The venue is on the second floor of Togo Memorial Hall in Jingumae, a setting with architectural formality that suggests dressing accordingly. Tokyo fine-dining norms at OAD-ranked Italian restaurants generally call for neat, occasion-appropriate clothing — avoid casual sportswear. No dress code is officially documented in our data, so if you're unsure, check the venue's official channels before your visit.
For Italian in a different register, Florilège offers a more avant-garde approach with stronger Michelin-side recognition. If you want Japanese fine dining instead, RyuGin and L'Effervescence represent the high-end Tokyo tasting-menu format at a different price and booking difficulty tier. HOMMAGE and Harutaka cover French and sushi respectively, and are worth considering if your priority is the occasion rather than the cuisine type.
Yes, with caveats around format.
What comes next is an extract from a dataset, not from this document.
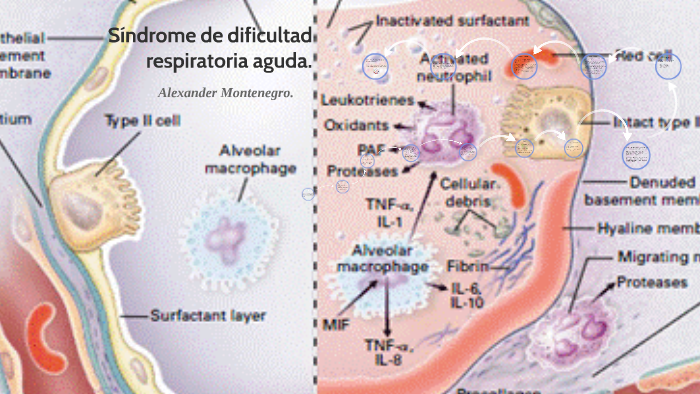 Síndrome De Dificultad Respiratoria Aguda. By Alexander Montenegro On Prezi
The Togo Memorial Hall setting in Jingumae gives it a sense of occasion without feeling like a tourist destination, and OAD recognition three years running gives it credibility. The tight sitting windows — 90 minutes at lunch, two hours at dinner — mean it works better for a focused dinner for two than a long celebratory group meal. For larger groups or longer evenings, check availability and table configuration before booking.
Keep this venue in your Pearl passport, rate it after you visit, and track it alongside every other place you collect.